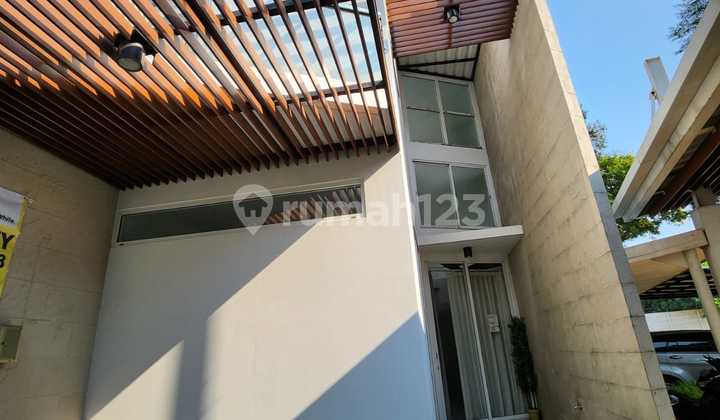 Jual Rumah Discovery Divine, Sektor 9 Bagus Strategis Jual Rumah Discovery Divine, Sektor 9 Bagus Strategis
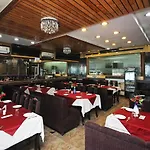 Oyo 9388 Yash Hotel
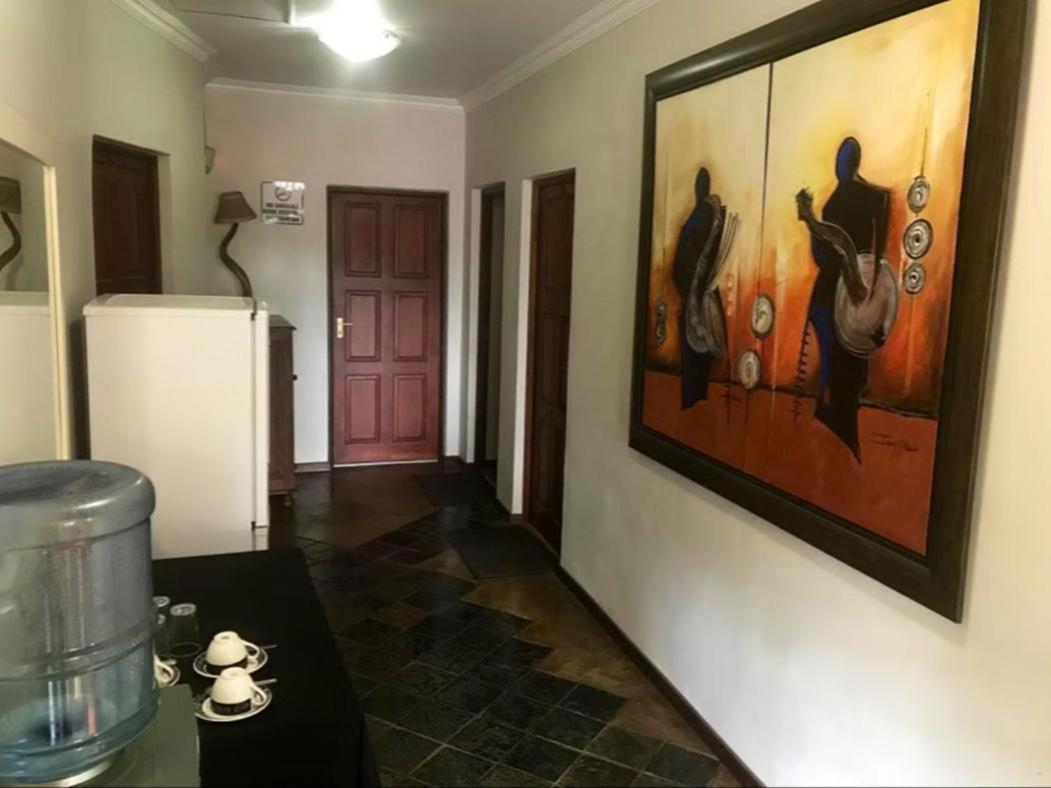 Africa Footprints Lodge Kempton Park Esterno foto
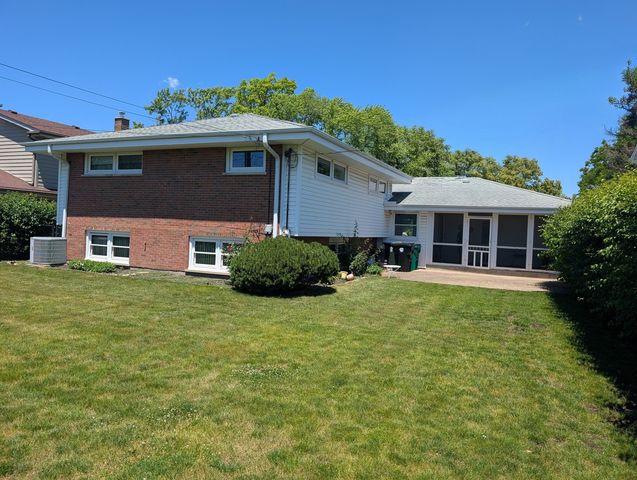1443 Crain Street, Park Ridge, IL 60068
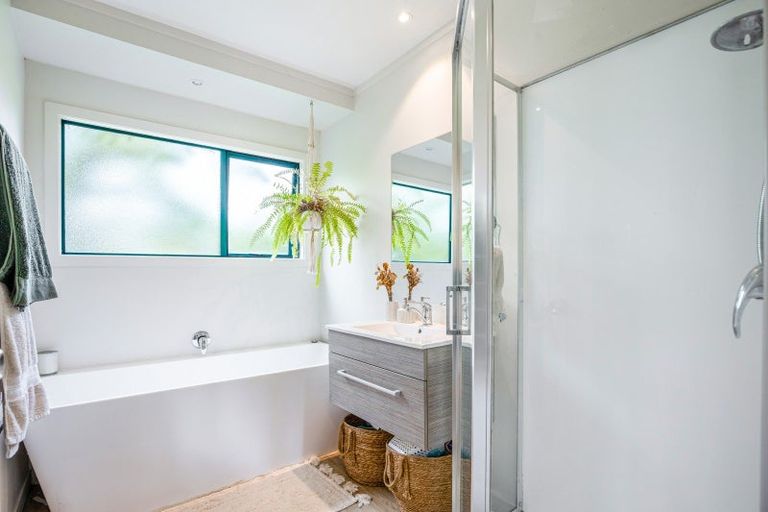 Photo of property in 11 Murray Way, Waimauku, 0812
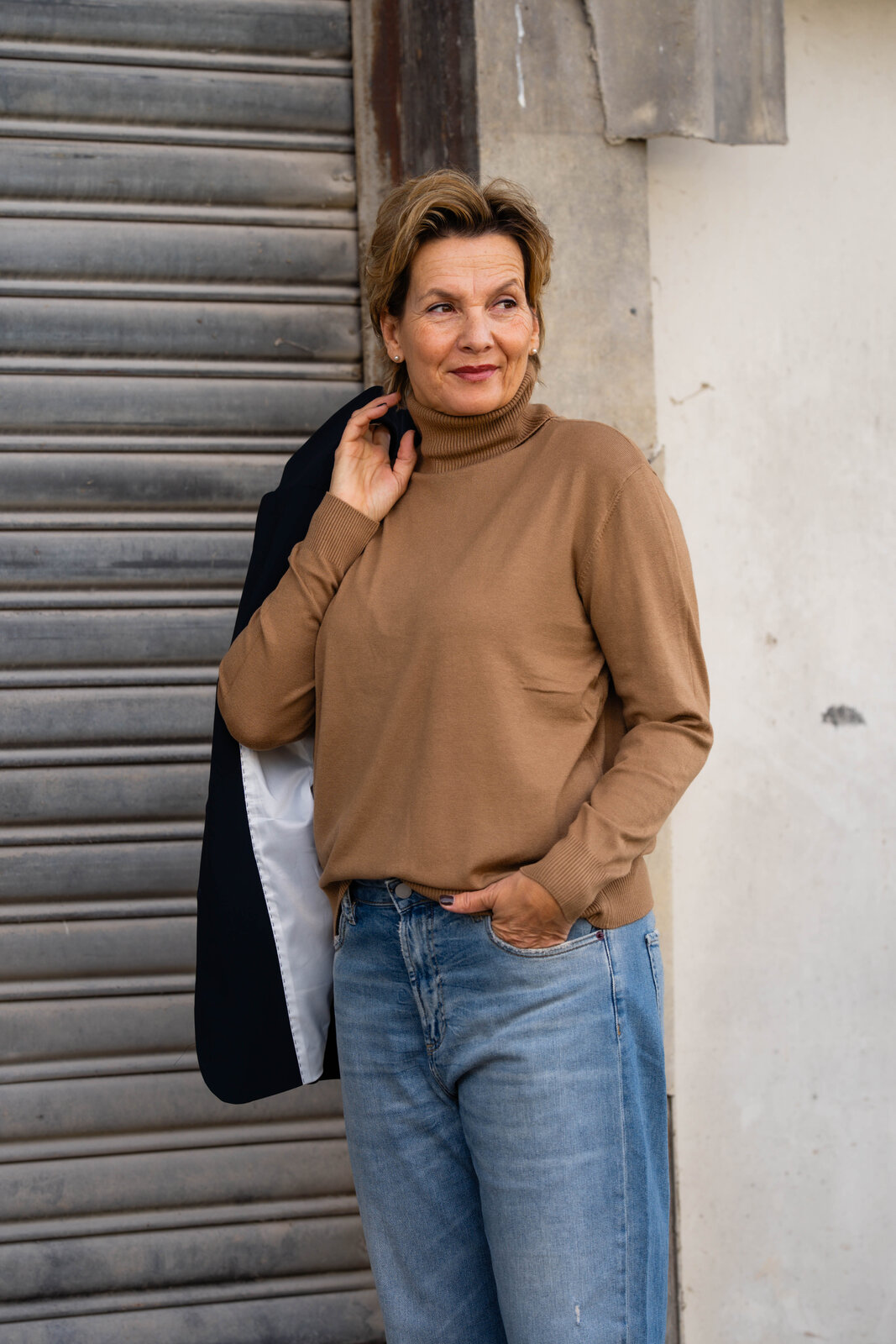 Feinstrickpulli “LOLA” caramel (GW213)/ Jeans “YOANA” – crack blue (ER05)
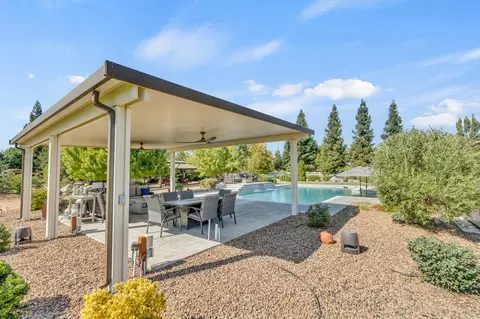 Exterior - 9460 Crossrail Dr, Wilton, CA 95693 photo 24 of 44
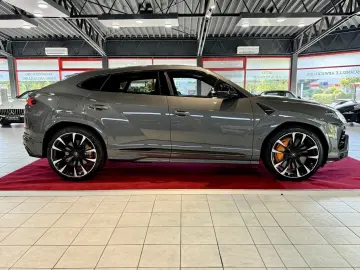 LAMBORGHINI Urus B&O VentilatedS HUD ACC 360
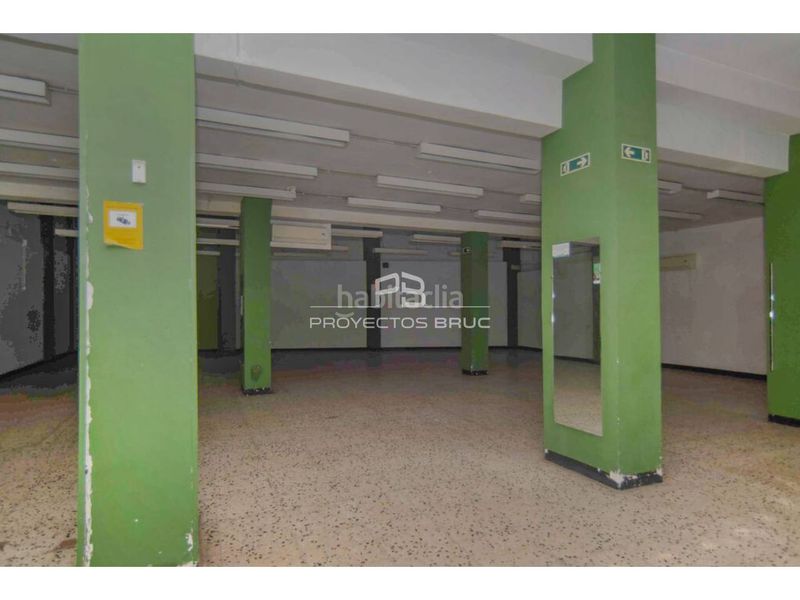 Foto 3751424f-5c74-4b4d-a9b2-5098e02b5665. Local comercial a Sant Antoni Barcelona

----

_Activity_
The lines to copy begin with the one containing "Photo of property" and end with the last line of the entries above; copy them exactly, minus the pictures.

_Task answer_
 Photo of property in 11 Murray Way, Waimauku, 0812
 Feinstrickpulli “LOLA” caramel (GW213)/ Jeans “YOANA” – crack blue (ER05)
 Exterior - 9460 Crossrail Dr, Wilton, CA 95693 photo 24 of 44
 LAMBORGHINI Urus B&O VentilatedS HUD ACC 360
 Foto 3751424f-5c74-4b4d-a9b2-5098e02b5665. Local comercial a Sant Antoni Barcelona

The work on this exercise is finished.